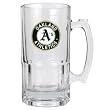 Oakland Athletics MLB 1 Liter Macho Mug - Primary Logo by Great American Products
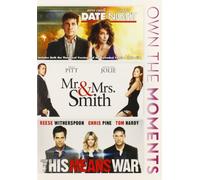 Date Night / Mr. & Mrs. Smith / This Means War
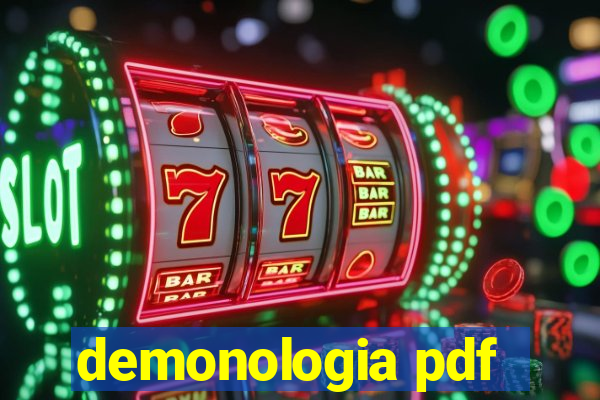 demonologia pdf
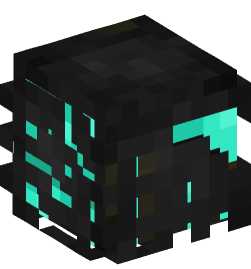 Minecraft head — Monsters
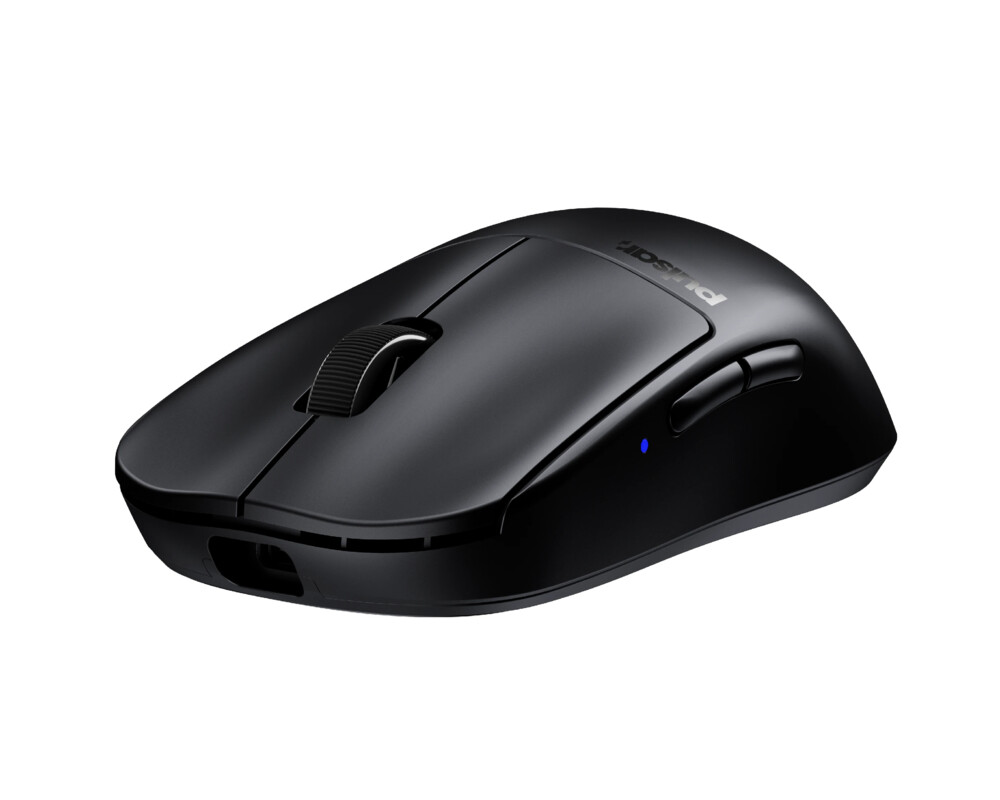 Мишка Pulsar професионална Wireless Gaming Mouse X2 v3 Size2 Black - 1K 5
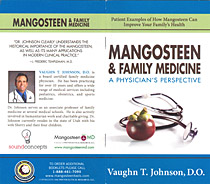 Mangostana, David A. Morton, Ph.D.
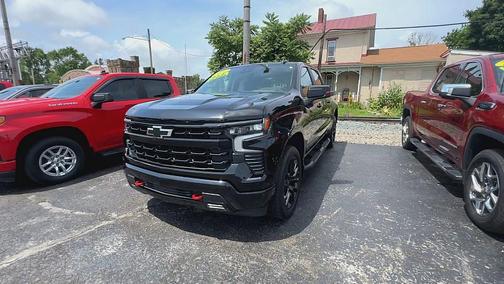 2024 Chevrolet Silverado 1500 RST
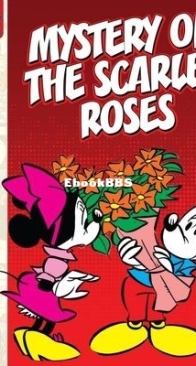 Mickey Mouse: Mystery of the Scarlet Roses -  122-0 Disney 2013 - English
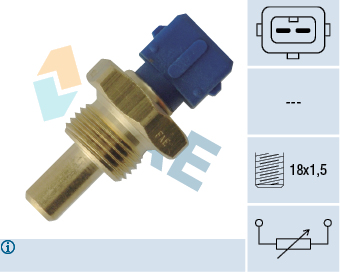 FAE Temperatuursensor 33687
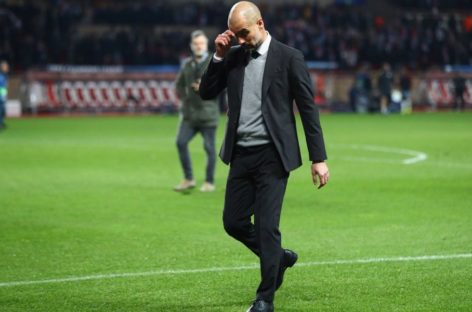 No Messi, Iniesta or Xavi – Klopp says squad part of Guardiola’s problems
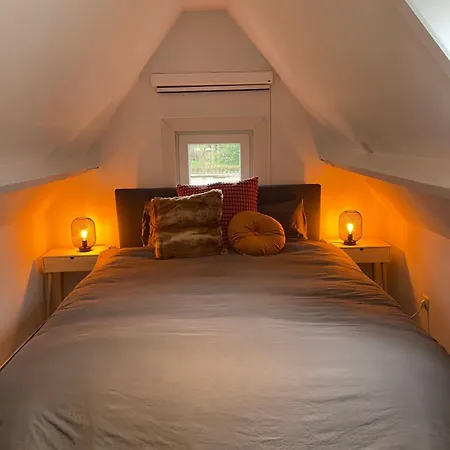Grote Vakantiewoning Nabij Brugge! * Damme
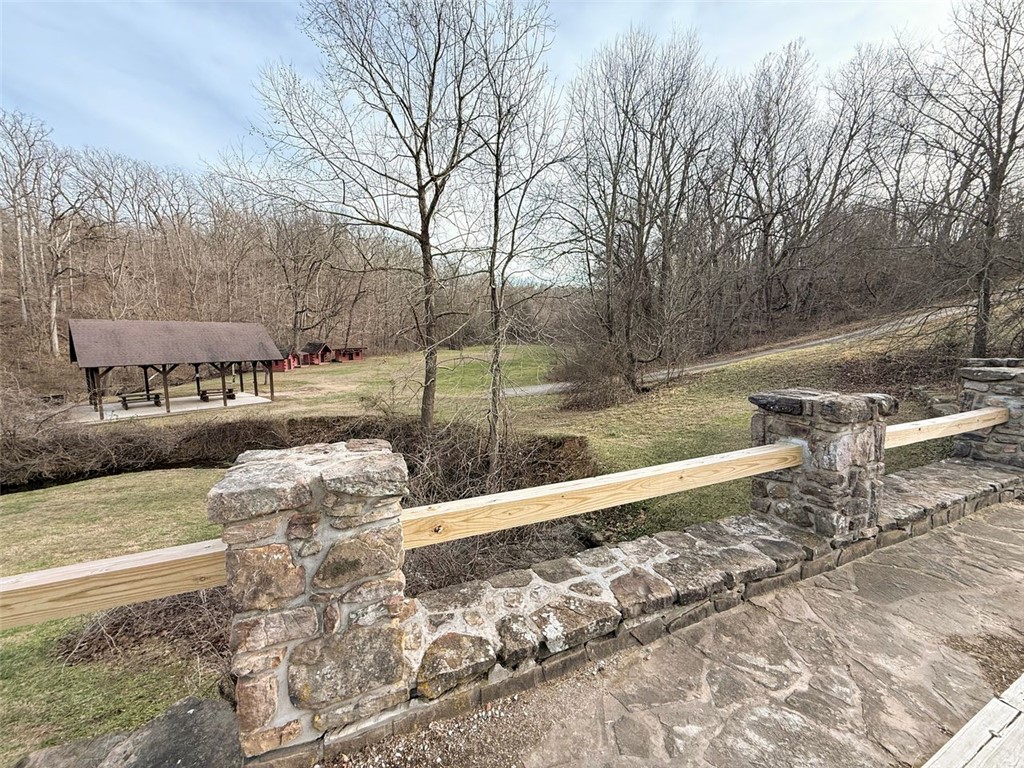 Cabins at Big Springs - Land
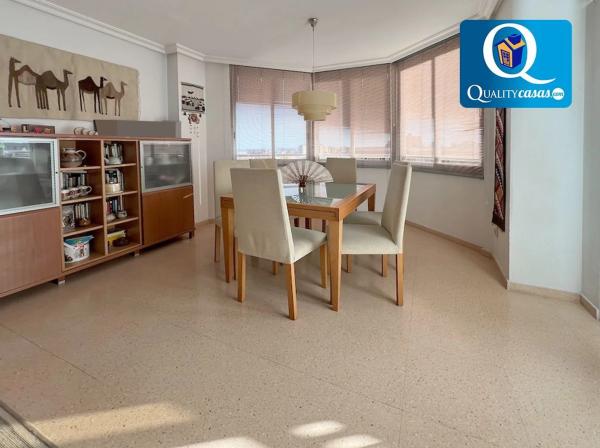 Ático en Barrio San Blas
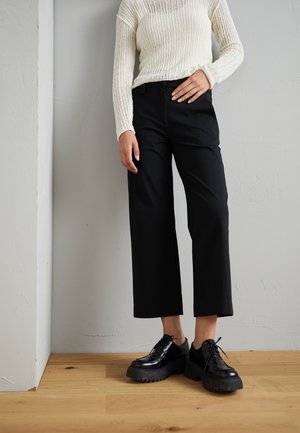 Pantalones - black
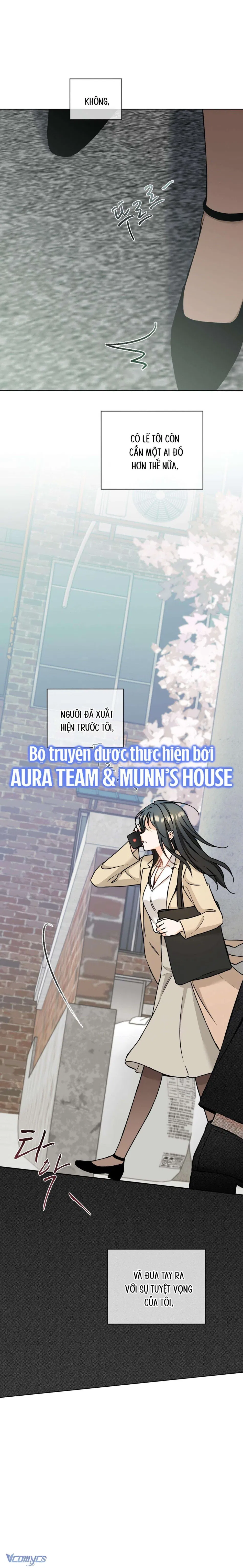 Nhà Tôi Có Một Con Chuột 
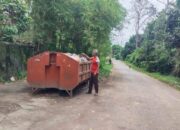 Jaga Kebersihan Kota Solok, Berbagai Upaya Dilakukan Petugas Kebersihan demi Lingkunga Asri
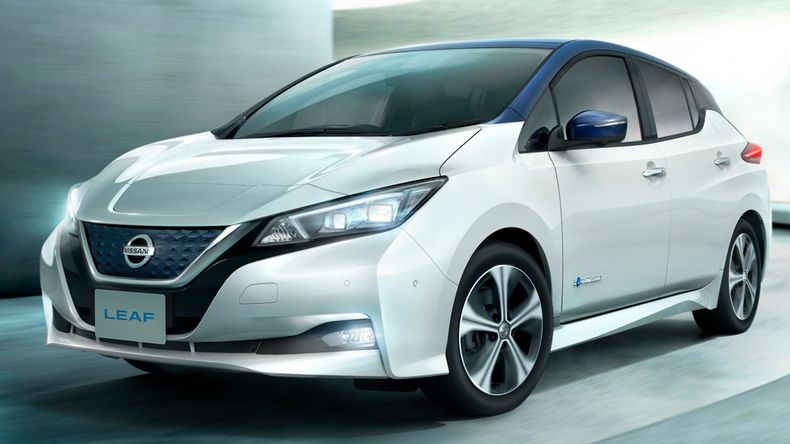 Nissan Leaf fue el pionero en ofrecer esta característica en Japón.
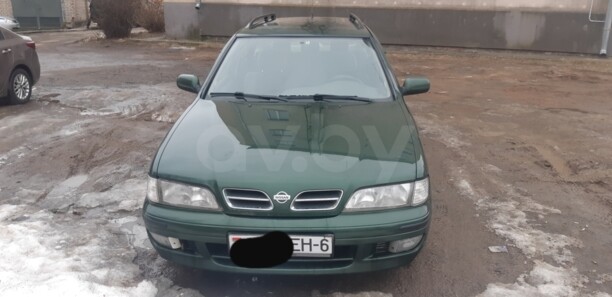 Nissan Primera P11, 1999 г.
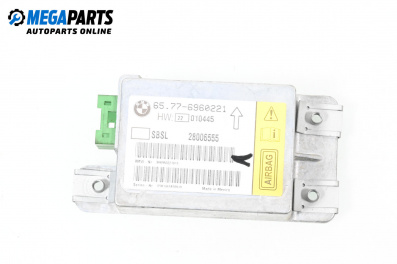 Модул за AIRBAG за BMW 7 Series E65 (11.2001 - 12.2009), № 65.77 - 6960221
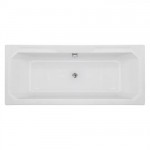 Ultra Wilton Traditional 1800mm x 800mm Double Ended Bath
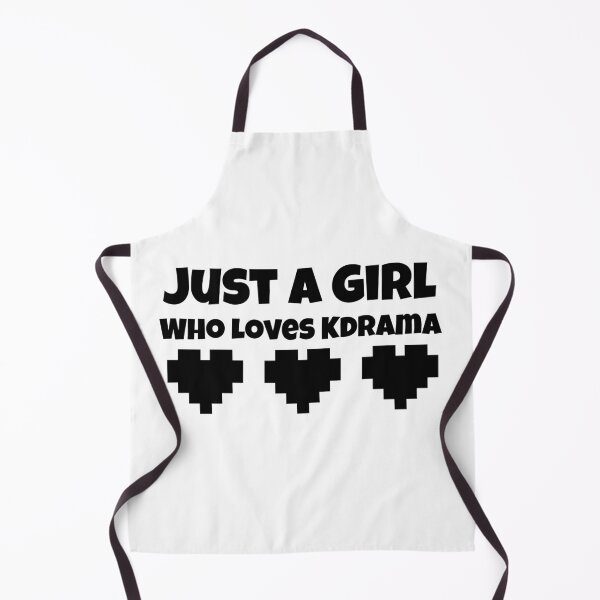 Item preview, Just A Girl Who Loves Kdrama designed and sold by Edenjodie.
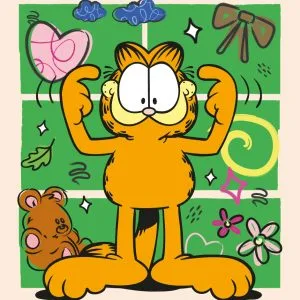 Poster: Garfield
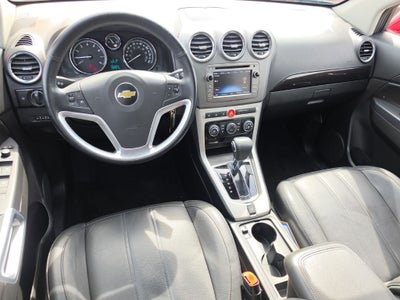 2014 Chevrolet Captiva Sport LTZ
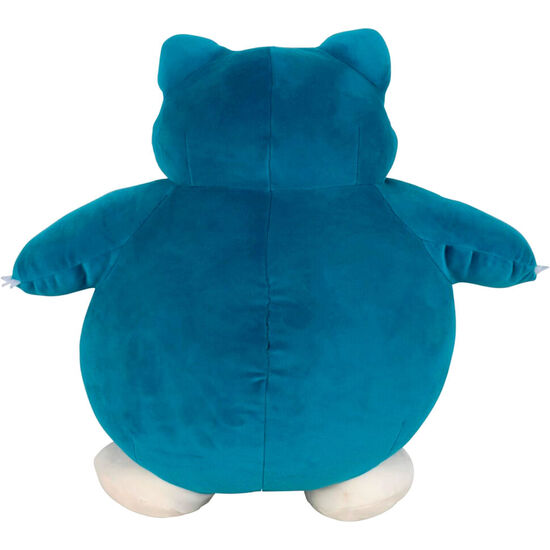 PELUCHE SNORLAX POKEMON 45CM image 3
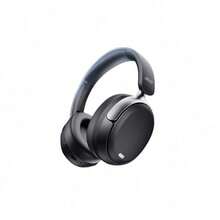 Acer OHR516 Over-Ear Wireless Bluetooth Headphones: Deep Noise Cancellation Isolates Ambient Noise; High-Resolution Sound Quality Restores Musical Details; Stable Bluetooth Connection; Suitable For Sports, Music, And Gaming; Compatible With Huawei And Apple Devices; Black. - Black - View 6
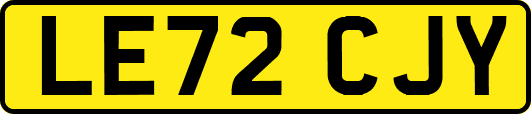 LE72CJY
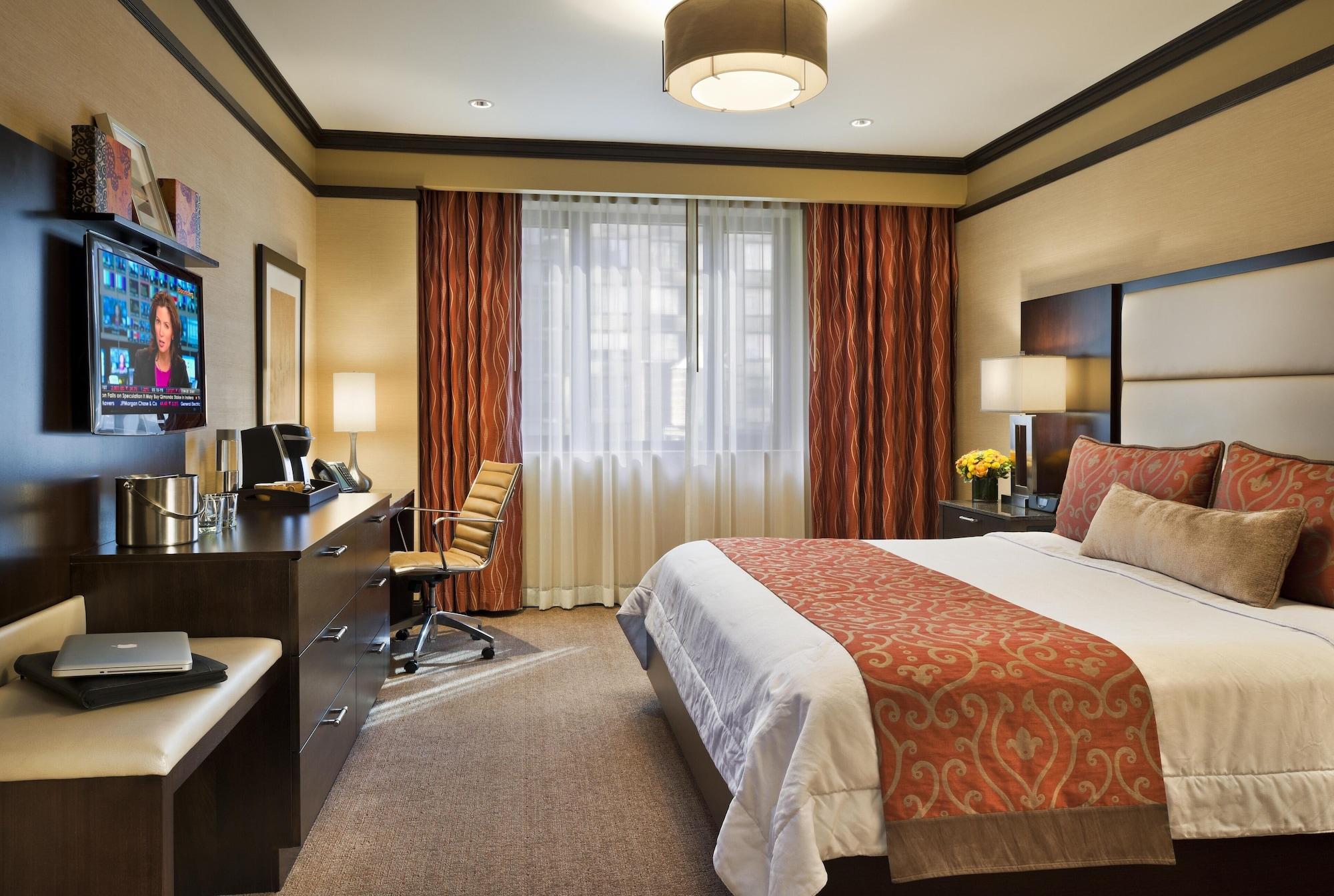 The Pearl Hotel New York Bagian luar foto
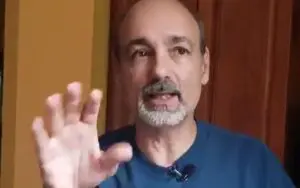 WWE Referee Railed On By Jimmy Korderas For Assisting Superstar During Match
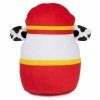 PAW PATROL Psi Patrol: Super-Mięciutki Marshall 20cm 6068587 p36 Spin Master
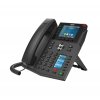 Fanvil X5U SIP telefon, 3,5''bar.disp.+ 2,4'' disp., 16SIP, 4link.tl., 30DSS tl., BT, dual Gbit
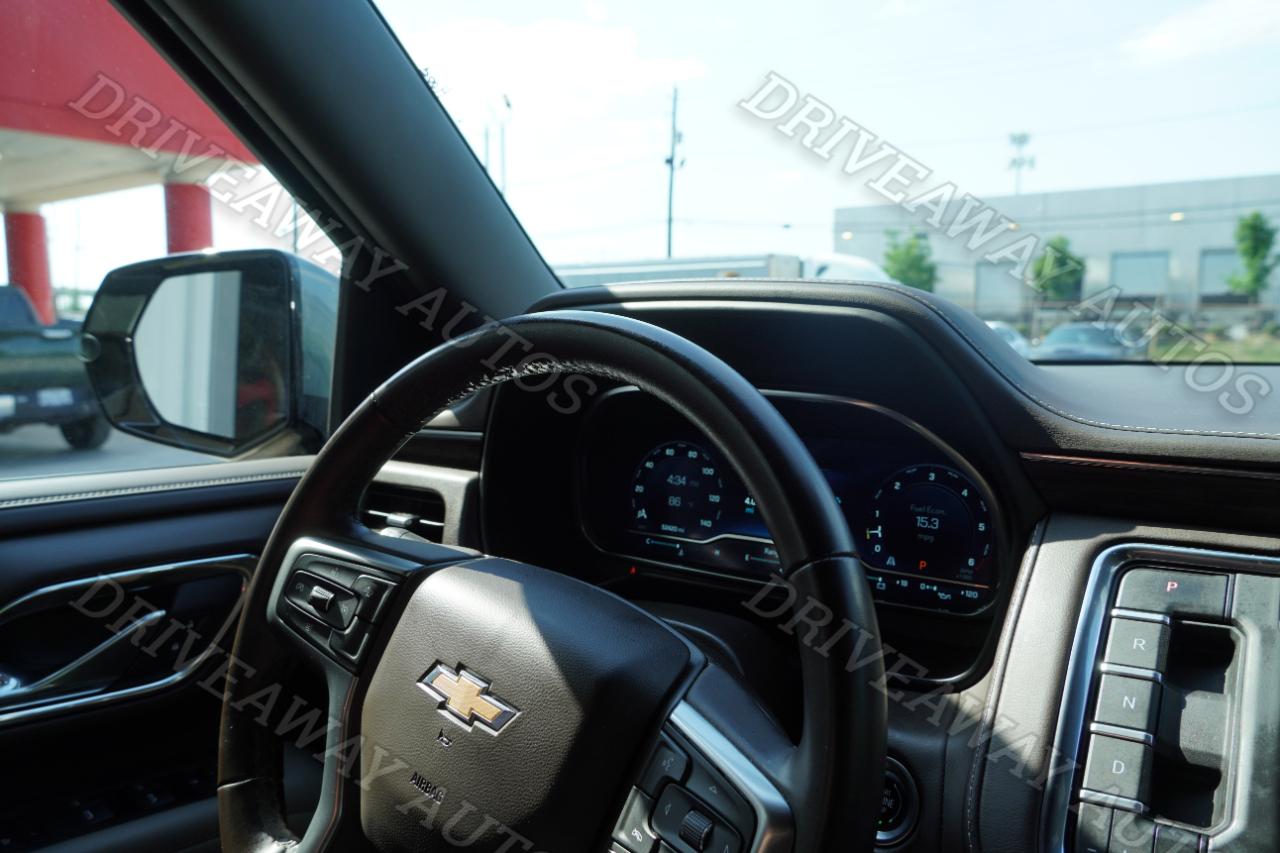 Chevrolet Tahoe 2WD 4dr LT 2024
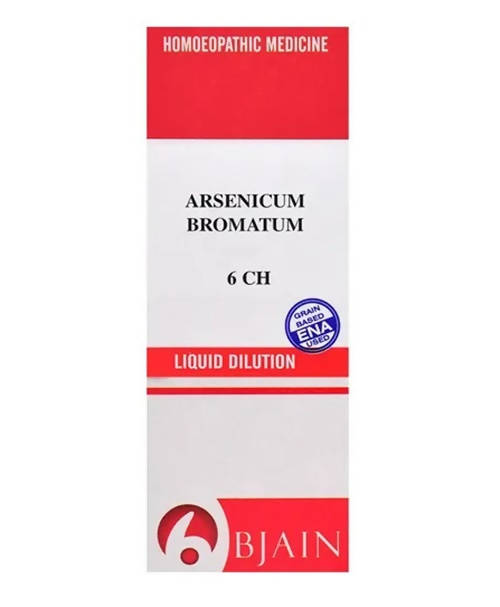 Bjain Homeopathy Arsenicum Bromatum Dilution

────────

◆ DIRECTIONS FOR THIS TASK:
None of the pictures should appear; repeat the records exactly otherwise.

◆ SOLUTION FOR THIS EXERCISE:
 Oakland Athletics MLB 1 Liter Macho Mug - Primary Logo by Great American Products
 Date Night / Mr. & Mrs. Smith / This Means War
 demonologia pdf
 Minecraft head — Monsters
 Мишка Pulsar професионална Wireless Gaming Mouse X2 v3 Size2 Black - 1K 5
 Mangostana, David A. Morton, Ph.D.
 2024 Chevrolet Silverado 1500 RST
 Mickey Mouse: Mystery of the Scarlet Roses -  122-0 Disney 2013 - English
 FAE Temperatuursensor 33687
 No Messi, Iniesta or Xavi – Klopp says squad part of Guardiola’s problems
Grote Vakantiewoning Nabij Brugge! * Damme
 Cabins at Big Springs - Land
 Ático en Barrio San Blas
 Pantalones - black
 Nhà Tôi Có Một Con Chuột 
 Jaga Kebersihan Kota Solok, Berbagai Upaya Dilakukan Petugas Kebersihan demi Lingkunga Asri
 Nissan Leaf fue el pionero en ofrecer esta característica en Japón.
 Nissan Primera P11, 1999 г.
 Модул за AIRBAG за BMW 7 Series E65 (11.2001 - 12.2009), № 65.77 - 6960221
 Ultra Wilton Traditional 1800mm x 800mm Double Ended Bath
 Item preview, Just A Girl Who Loves Kdrama designed and sold by Edenjodie.
 Poster: Garfield
 2014 Chevrolet Captiva Sport LTZ
 PELUCHE SNORLAX POKEMON 45CM image 3
 Acer OHR516 Over-Ear Wireless Bluetooth Headphones: Deep Noise Cancellation Isolates Ambient Noise; High-Resolution Sound Quality Restores Musical Details; Stable Bluetooth Connection; Suitable For Sports, Music, And Gaming; Compatible With Huawei And Apple Devices; Black. - Black - View 6
 LE72CJY
 The Pearl Hotel New York Bagian luar foto
 WWE Referee Railed On By Jimmy Korderas For Assisting Superstar During Match
 PAW PATROL Psi Patrol: Super-Mięciutki Marshall 20cm 6068587 p36 Spin Master
 Fanvil X5U SIP telefon, 3,5''bar.disp.+ 2,4'' disp., 16SIP, 4link.tl., 30DSS tl., BT, dual Gbit
 Chevrolet Tahoe 2WD 4dr LT 2024
 Bjain Homeopathy Arsenicum Bromatum Dilution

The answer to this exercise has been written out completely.